Item 2.01 Completion of Acquisition or Disposition of Assets.

On August 26, 2021, Maxim Integrated Products, Inc., a Delaware corporation (the "Company"), completed its previously announced combination with Analog Devices, Inc., a Massachusetts corporation ("ADI"). Pursuant to the Agreement and Plan of Merger, dated as of July 12, 2020 (the "Merger Agreement"), by and among the Company, ADI and Magneto Corp., a Delaware corporation and a wholly owned subsidiary of ADI ("Merger Sub"), Merger Sub was merged with and into the Company (the "Merger"), with the Company surviving the Merger and becoming a wholly owned subsidiary of ADI.

At the effective time of the Merger (the "Effective Time"), pursuant to the Merger Agreement, each share of common stock, par value $0.001 per share, of the Company (the "Company Common Stock"), issued and outstanding immediately prior to the Effective Time (other than treasury shares and any shares of Company Common Stock held directly by ADI or Merger Sub) was converted into the right to receive 0.6300 (the "Exchange Ratio") of a fully paid and non-assessable share of common stock, par value $0.16 2/3 per share, of ADI (the "ADI Common Stock"), and, if applicable, cash in lieu of fractional shares, subject to any applicable tax withholding. In addition, at the Effective Time, (i) all Company restricted stock units and Company restricted shares (excluding any Company restricted stock units and Company restricted shares that by their terms become vested and settled upon the Effective Time) outstanding as of immediately prior to the Effective Time were automatically converted into restricted stock units or restricted shares, as applicable, denominated in shares of ADI Common Stock based on the Exchange Ratio and (ii) all Company performance-based market stock units ("Company MSUs") outstanding as of immediately prior to the Effective Time (other than any Company MSUs that by their terms vested and settled immediately prior to the Effective Time) were automatically converted into time-based restricted stock unit awards denominated in shares of ADI Common Stock based on (x) the number of shares of Company Common Stock subject to each Company MSU after giving effect to any applicable provisions in the award agreement governing the Company MSU with respect to a "change in control" and (y) the Exchange Ratio. Other than the foregoing adjustments, the awards governing such converted restricted stock units or restricted shares, as applicable, will generally remain subject to the same vesting and other terms and conditions that applied to the awards immediately prior to the Effective Time (including the terms and conditions of the Company's applicable change in control plans).

The foregoing description of the Merger and the Merger Agreement does not purport to be complete and is qualified in its entirety by reference to the full text of the Merger Agreement, a copy of which is filed as Exhibit 2.1 to the Current Report on Form 8-K filed by the Company with the U.S. Securities and Exchange Commission (the "SEC") on July 13, 2020 and is incorporated by reference herein. A copy of the Merger Agreement has been included as Exhibit 2.1 to this Current Report on Form 8-K to provide investors with information regarding its terms and not to provide any factual information about the Company or ADI.
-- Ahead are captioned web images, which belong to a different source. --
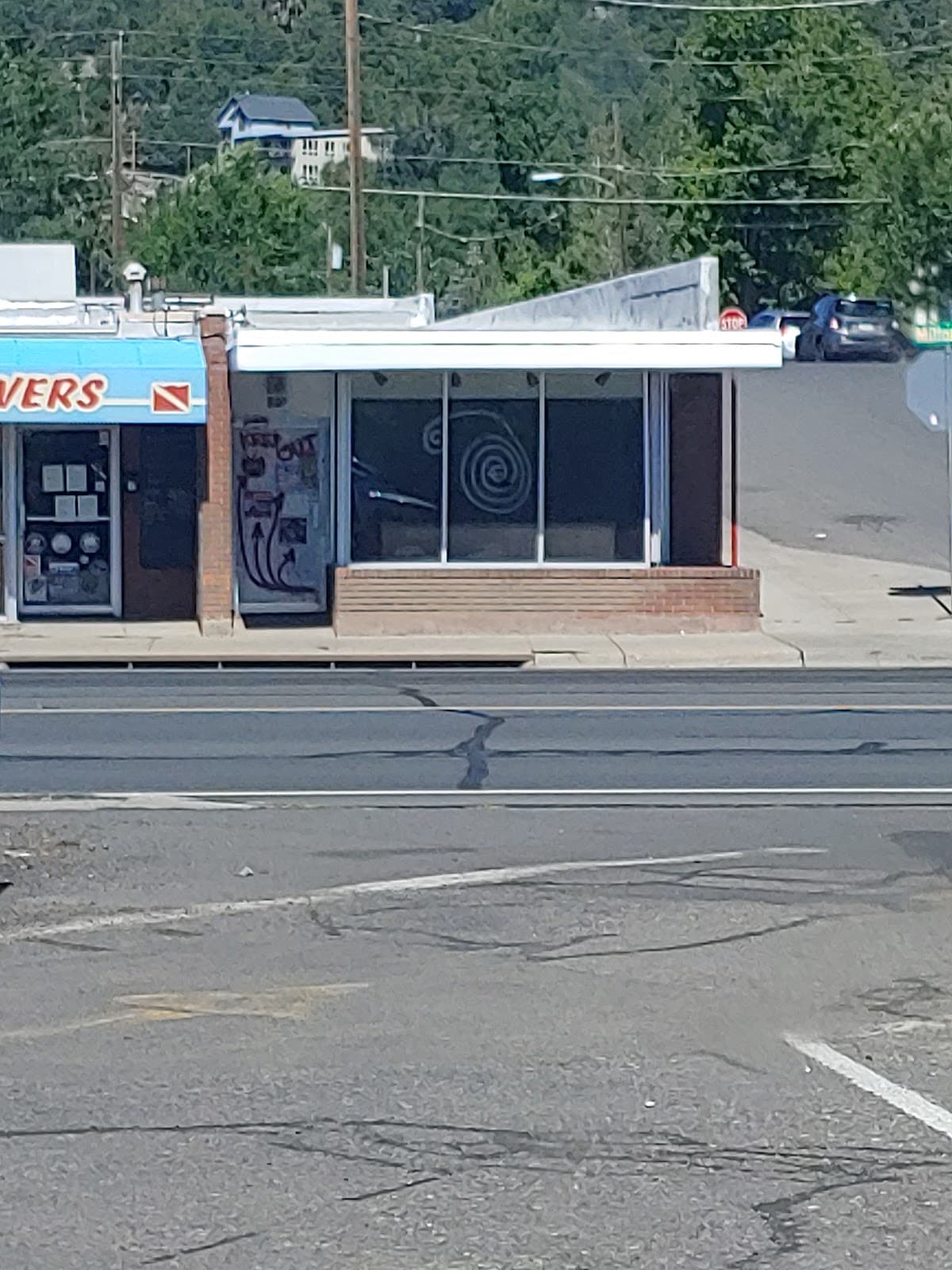 Rogue Antiques and Vintage Vinyl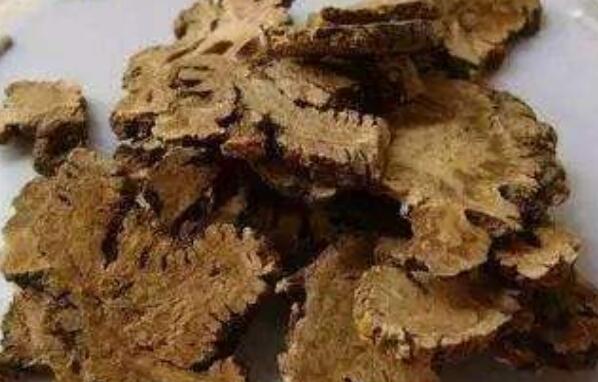 川芎泡水喝的功效与作用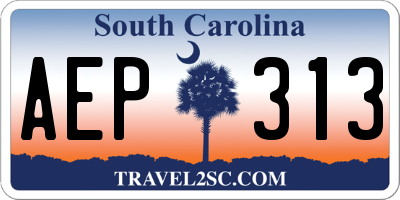 SC license plate AEP313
Item 3.01 Notice of Delisting or Failure to Satisfy a Continued Listing Rule or Standard; Transfer of Listing.

The information contained in Item 2.01 of this Current Report on Form 8-K is incorporated by reference into this Item 3.01.

On August 26, 2021, the Company notified the NASDAQ Global Select Market ("Nasdaq") of the consummation of the Merger and that each outstanding share of Company Common Stock had been converted into the right to receive ADI Common Stock. The Company requested that Nasdaq (i) halt trading of the Company Common Stock on Nasdaq prior to the open of trading on August 26, 2021, (ii) withdraw the Company Common Stock from listing on Nasdaq and (iii) file with the SEC a Notification of Removal from Listing and/or Registration under Section 12(b) of the Securities Exchange Act of 1934, as amended (the "Exchange Act"), on Form 25 to report that the Company Common Stock is no longer listed on Nasdaq and to apply for the deregistration of the Company Common Stock under Section 12(b) of the Exchange Act. As a result, the shares of Company Common Stock, which previously traded under the symbol "MXIM," will no longer be listed on Nasdaq.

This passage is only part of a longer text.